Why are you talking about GWM and SS?
Your post that started this thread did not stipulate the exclusion of feats. But are Fighting Styles off the table then? You keep shifting the goal posts, so it is unclear what you are really arguing for.
Even without feats, Fighting Styles create the separation between 2H, Ranged, TWF, and 1H (in roughly that order depending on the tier).
To answer your thread's question: Is ranged better than melee? The answer is both simple and complicated. Ranged is always better until it isn't. It is that simple. In the rules as written, it is so dependent upon the scenario and the opposition, that you cannot create a general case for it.
At higher tiers when opponents can teleport at will, ranged really becomes iffy as a strategy since maintaining range is almost impossible. In lower tiers range is much easier to maintain.
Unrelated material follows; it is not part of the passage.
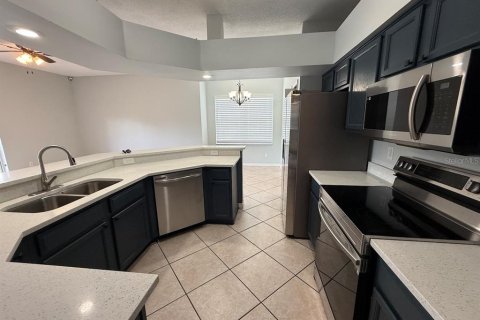 House in Kissimmee, Florida 4 bedrooms, 233.74 sq.m. № 2210981 - photo 7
But opponents that can fly, earthglide, go ethereal, have high movement speeds, have ranged attacks themselves, spell snipers, etc. can play havoc on a ranged strategy.
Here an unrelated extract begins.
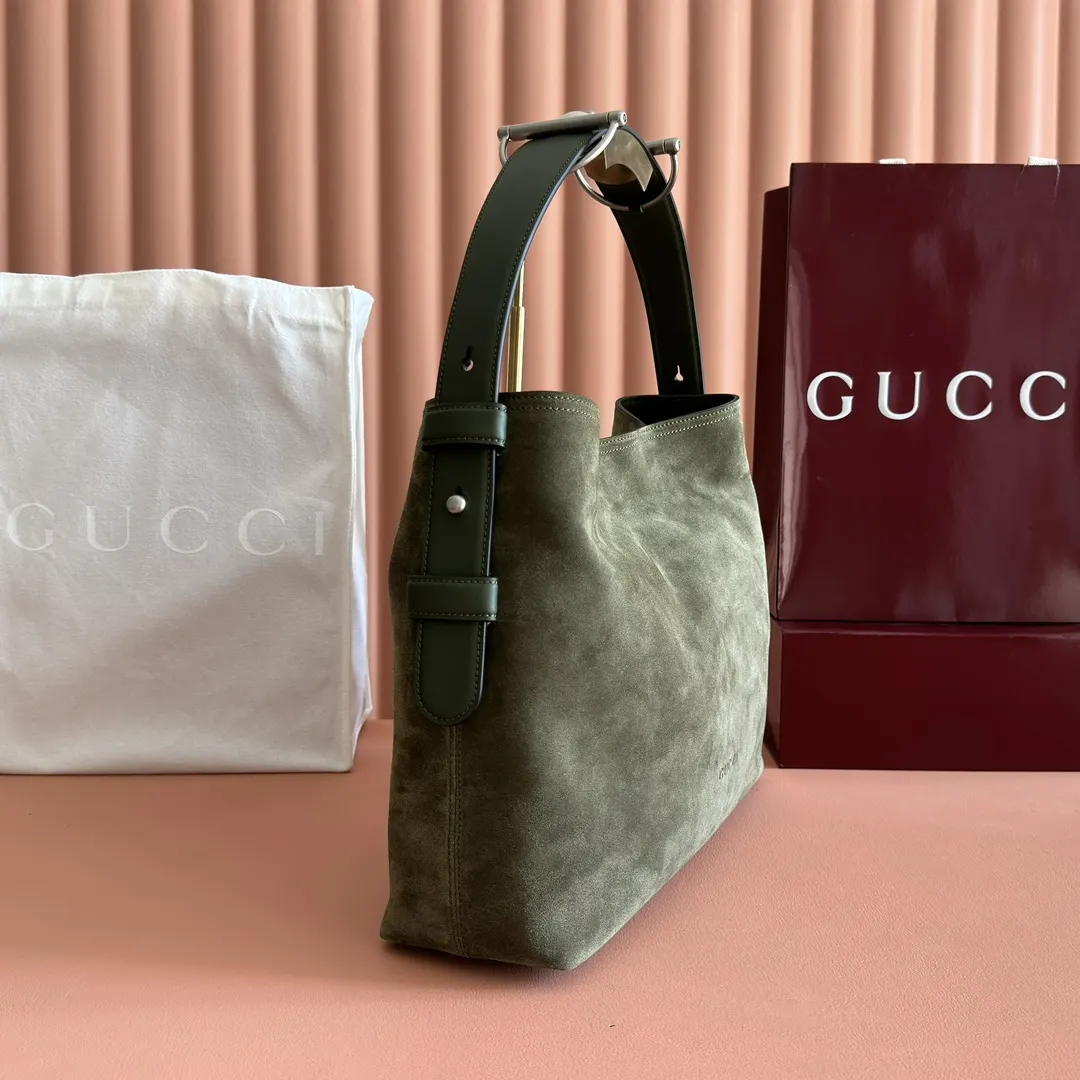Gucci Black Gold Organizer Pouch Travel Leather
For example, I ran a game about a year ago with all 20th level characters. They were facing a bunch of devils and a tarrasque. Everyone had the ability to fly as well. None of the characters were able to maintain range and feats like Polearm Master and Sentinel were useless. In that battle the "ranged" attack that dominated was Magic Missile. The fighters with action surge, 2H weapons, and GWM were the largest damage dealers followed by the wizards and sorcerers. The bow wielding characters' main contribution was their hit points and taking attack pressure off the other characters.
So again the answer is that range is better until it isn't.
My players are about to enter a situation (the are 3rd level) in which ranged looks really good -- a room full of skeletons that cannot leave it. However, they skeletons all regenerate and cannot be killed unless someone actually goes into the room and disables some devices. There are too many skeletons (twelve) for them to just keep pounding on them from outside the room with ranged attacks. Since the skeletons also have shortbows it makes a purely ranged battle a losing strategy. Since the skeletons are around a large pit, shoving and grappling become a viable strategy.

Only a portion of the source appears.